Anguish for postponed surgery
A Saint-Jérôme woman, diagnosed with aggressive breast cancer just before confinement in March, has lived through months of anguish with her surgery postponed.
“We live with the fear of not receiving treatment, of contracting the virus [de la COVID-19] and that it harms our care, that our specialists contract it and that it postpones our care, ”lists Carole Giroux to illustrate her ordeal.

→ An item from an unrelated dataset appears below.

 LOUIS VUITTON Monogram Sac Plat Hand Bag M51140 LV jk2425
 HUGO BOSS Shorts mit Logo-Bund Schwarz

Director of human resources at a law firm, the 47-year-old learned on March 5 that she had triple negative breast cancer. It is an aggressive type of cancer with a high risk of recurrence.
“If there’s breast cancer you don’t want, it’s him,” she hisses.
Her case was urgent, she had to cancel a planned trip to Africa and prepare to go under the knife at the end of March. Then, COVID-19 turned everything upside down.
“It was a mess for me,” she laments. Her surgery was twice canceled, so she made her will and made arrangements, fearing the worst.
More than a month after his diagnosis, his protocol was finally changed to prioritize chemotherapy treatments first.
She also deplores the lack of follow-up that she has experienced.
“Everything was disorganized,” she says.
No one explained to her how her treatments would go or what side effects she would suffer from. “I had to learn on the job”, continues Mme Giroux.
Her tumor was finally removed after her chemotherapy treatments, at the end of August. She is now waiting for the start of her radiotherapy.
Mother of a 22 year old son and grandmother of a little boy, she also suffered from the isolation necessary for her medical condition.
“To be all alone, I find it difficult […] Just knowing that we have cancer is difficult, but there it has been multiplied by I do not know how much, ”she admits.
She hopes the healthcare system has learned lessons from the first wave of COVID-19 to prevent other women from going through this painful ordeal in such a chaotic fashion.